L’altro messaggio è venuto dall’esito elettorale che non ha visto una travolgente ondata nazional-populista come qualcuno aveva preannunciato a suon di comizi e di rozze semplificazioni contro il “capro espiatorio” dell’UE. Certo il consenso ottenuto da quanti vogliono far girare all’indietro le lancette della storia manda un segnale da non sottovalutare. Sono tanti quelli che sembrano aver nostalgia dei “vecchi tempi” e poca visione del futuro: sarà bene, appena possibile, leggere le proporzioni di voto per classi di età oltre che per gruppi sociali. Capiremo meglio chi frena il cammino verso un’Europa più forte e coesa e chi la vuole veder regredire a pretese sovranità nazionali. Soprattutto dovremo cercare di capire che Unione vogliono le nuove generazioni e con quale capacità di protagonismo.

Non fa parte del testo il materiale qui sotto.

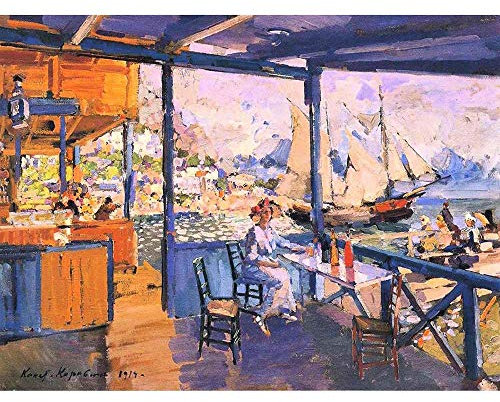 Wee Blue Coo Painting Social Scene Pier Gurzuf Konstantin Korovin Russia Art Print Poster Wall Decor Kunstdruck Poster Wand-Dekor-12X16 Zoll
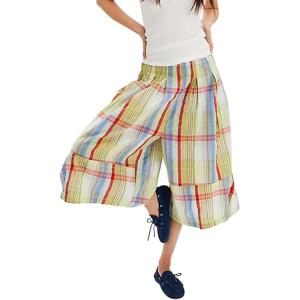 imageCHARTOU Women Summer Plaid Culotte Baggy Capri Pants High Rise Wide Leg Gingham Pants Beach Palazzo TrouserLight Green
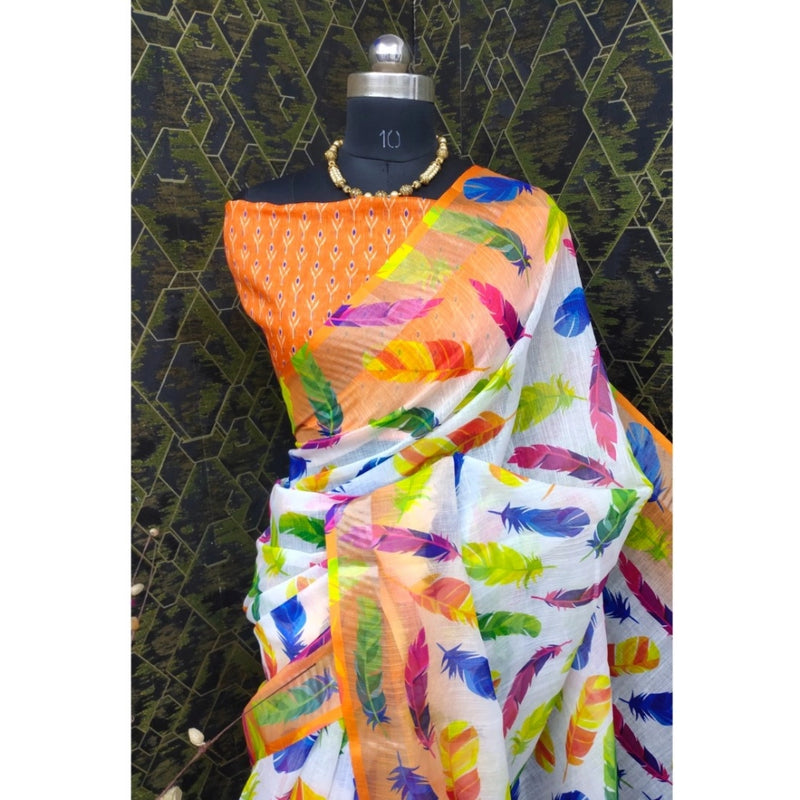 Mayawye Women's Cotton Linen Woven Design Saree With Unstitched Blouse 5.5Mtr (Orange)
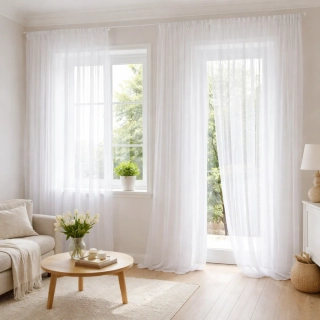 Bílý voál LUX s olůvkem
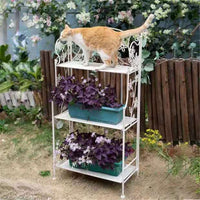 Multi-Tiered Vintage Iron Plant Stand for Balcony & Garden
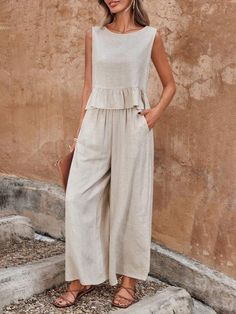 Wide Leg Pants Outfits, Linen Bottoms, Linen Fashion, Linen Style, Hem Top, Casual Sets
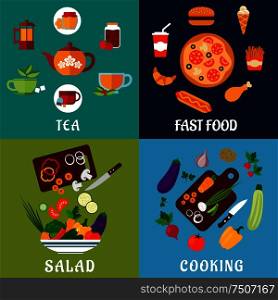 Healthy, fast food and drinks flat icons with salad, fresh vegetables, cups of tea with teapots, fast food menu with pizza, burger, hot dog, chicken leg, french fries, ice cream and soda . Healthy and fast food flat icons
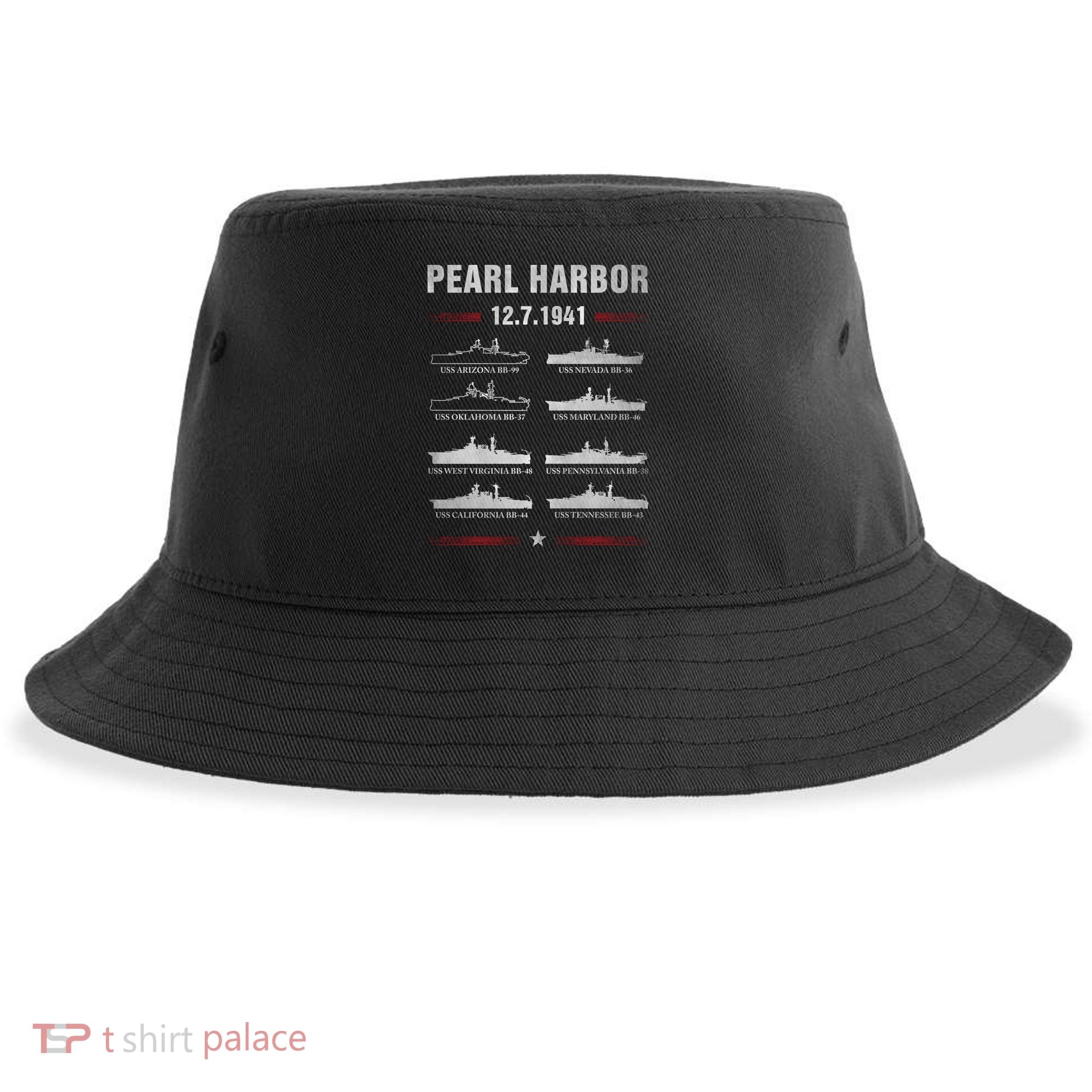 Pearl Harbor Battleship Memorial Day December 7th 1941 Wwii Cute Gift Sustainable Bucket Hat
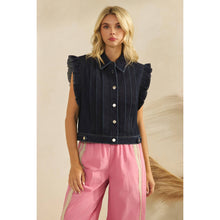 Load image into Gallery viewer, Denim Vest with Front Pleat Details and Ruffles
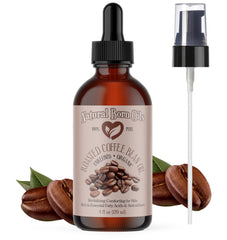 Natural Born Oils roasted coffee bean oil bottle for skin hydration and hair vitality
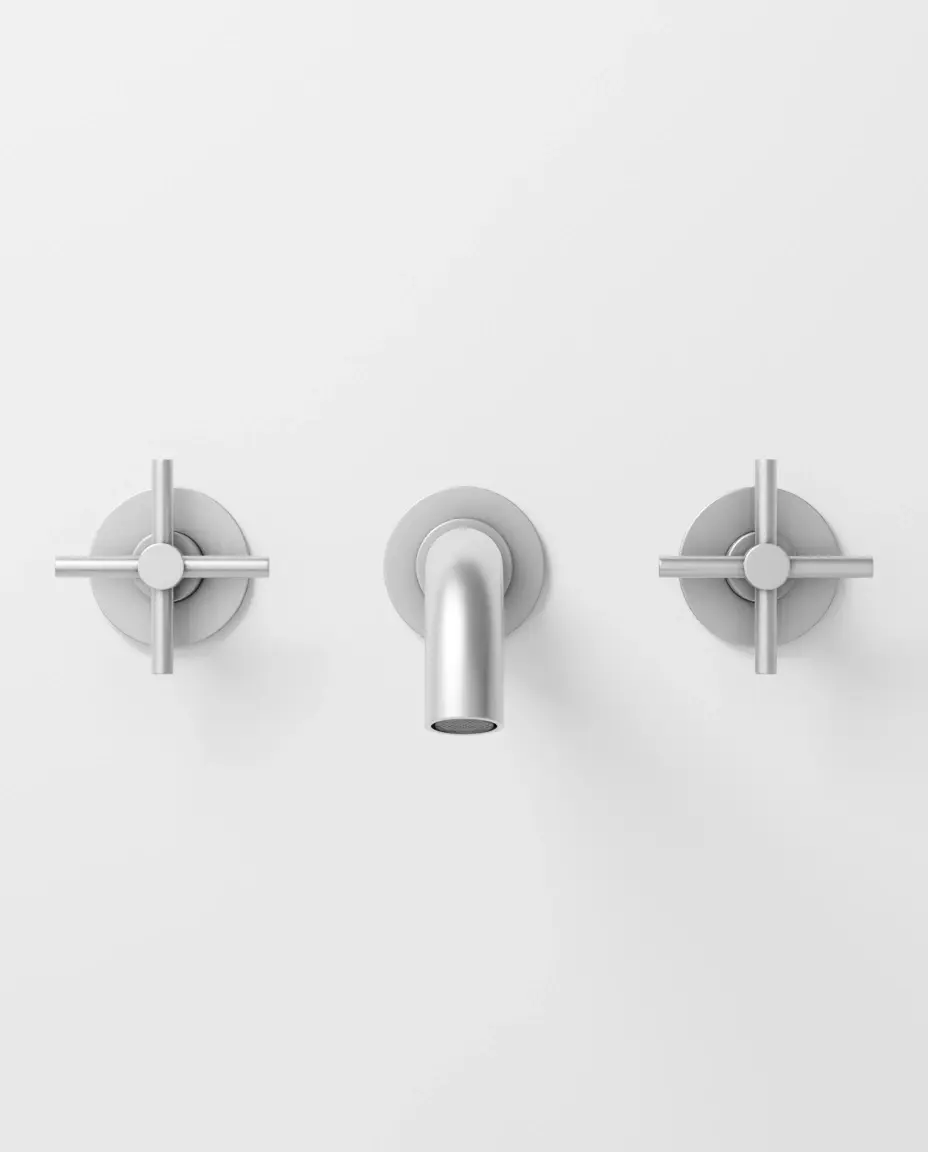 Robinet mélangeur lavabo mural encastré inox brossé, Châtelet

Naturalmente, come da copione, tutti dicono di aver vinto. Lo dice anche quel Nigel Farage, responsabile per il Regno Unito di una sconfitta storica dalla quale sarà difficile riprendersi; lo dicono gli euroscettici sparsi un po’ ovunque, numerosi in Europa, ma ciascuno con scarso peso all’interno del proprio Paese, salvo in Francia e in Italia. Due Paesi dai quali sale sulla scena europea un’accoppiata, Marine Le Pen e Matteo Salvini, con buone percentuali che però potrebbero non bastare a rompere il loro isolamento in Europa: è infatti improbabile che possano affascinare molti parlamentari europei; si avvarranno del loro risultato prevalentemente entro il perimetro nazionale, in coerenza con la loro miope visione provinciale del mondo.

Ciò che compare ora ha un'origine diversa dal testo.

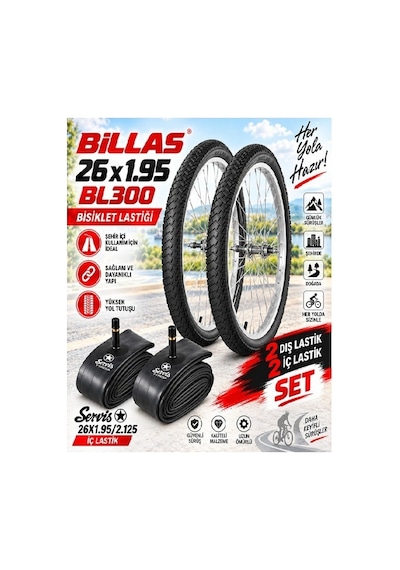 Billas 26x1.95 Dış Lastik Bl300 Bisiklet Lastiği + İç Lastik Servis Marka 2 Şer Adet Takım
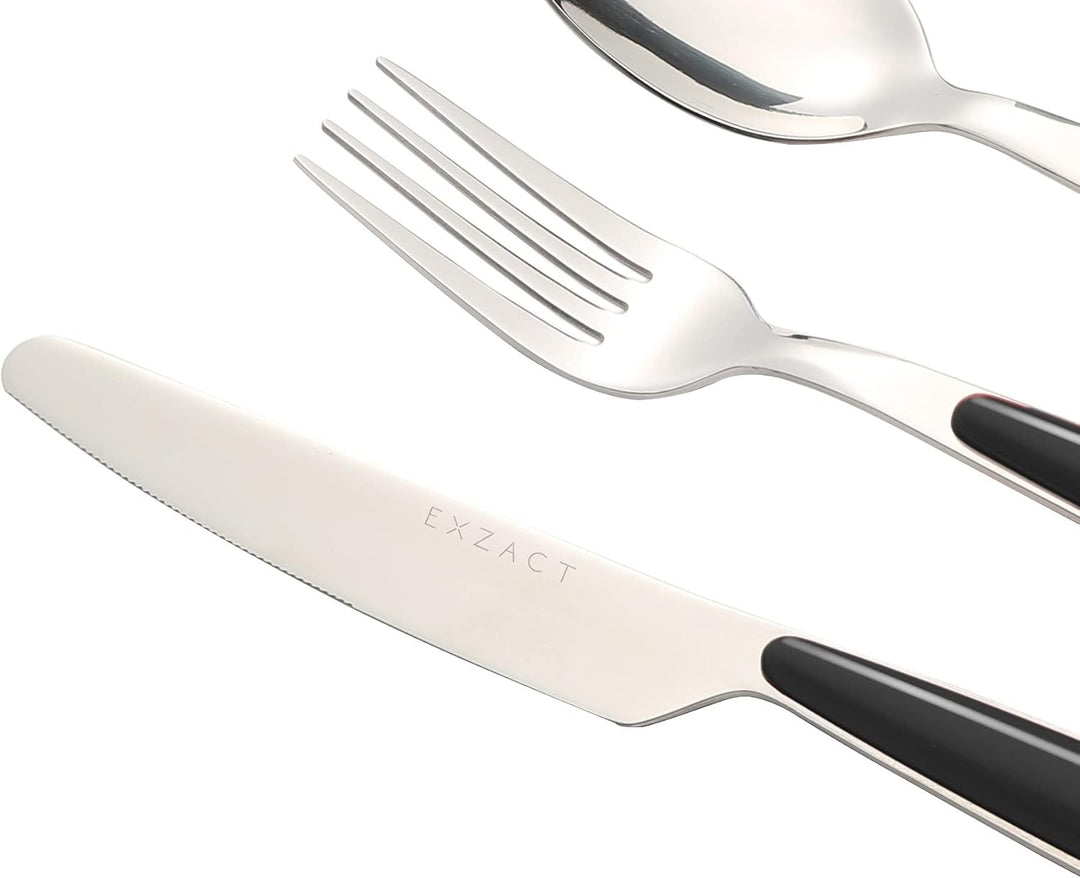 Exzact Rostfrei Stahl Besteck Set EX07 Schwarz 16st, Schwarz 16st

Tireranno un sospiro di sollievo e canteranno vittoria anche gli “europeisti”, contenti di aver salvato il salvabile e di poter mantenere la maggioranza in Parlamento e, con essa, la Presidenza insieme con un favorevole rapporto di forza nell’orientare il ricambio dei Vertici europei nel prossimo semestre. Sarebbe bene che questa maggioranza politica avesse a mente subito due o tre cose: di essere una famiglia ancora numerosa, ma con una nuova composizione più plurale che in passato, grazie in particolare al successo di liberali e Verdi; di avere a che fare con una minoranza determinata a disfare l’Unione dall’interno, avvalendosi di procedure decisionali che si prestano al sabotaggio e, infine, di dovere affrontare, dentro e fuori dall’UE, sfide straordinarie.

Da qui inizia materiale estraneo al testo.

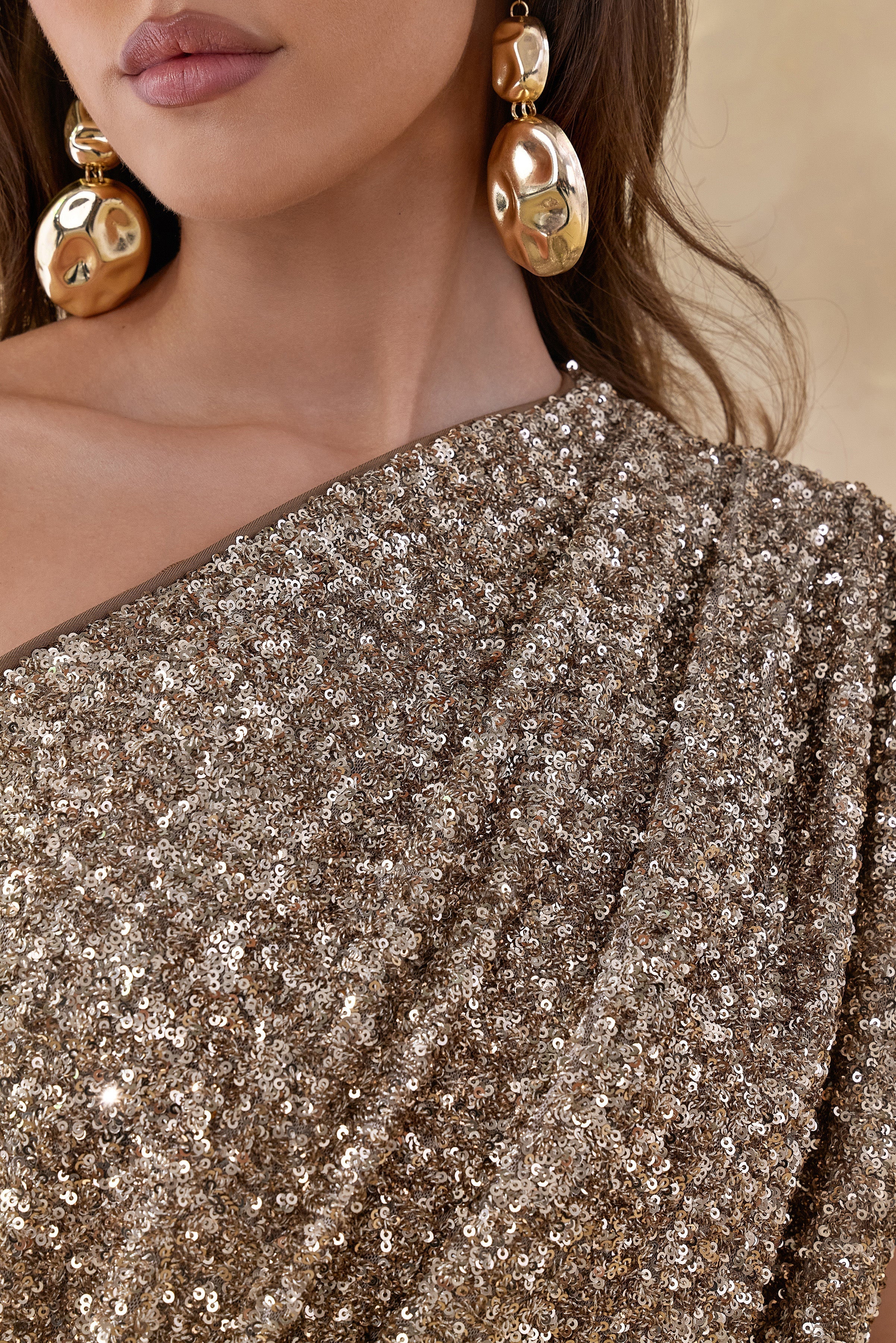 Liori | Champagne Sequin Asymmetric-Neck Maxi Dress With Sash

All’interno la ricostruzione di una casa comune che negli ultimi anni si è andata deteriorando e frammentando, con nuove politiche da rilanciare e un equilibrio istituzionale in grado di contrastare la deriva intergovernativa; all’esterno la riconquista di un ruolo politico, oltre che culturale ed economico, in un mondo sempre più turbolento e sempre meno orientato verso culture di dialogo multilaterale meglio attrezzate per spegnere conflitti e guerre.
E’ urgente adesso capire meglio la nuova geografia politica dell’Unione Europea, lontana anni luce da quella delle sue origini.
Ci sarà molto da fare nei prossimi cinque anni di questa legislatura.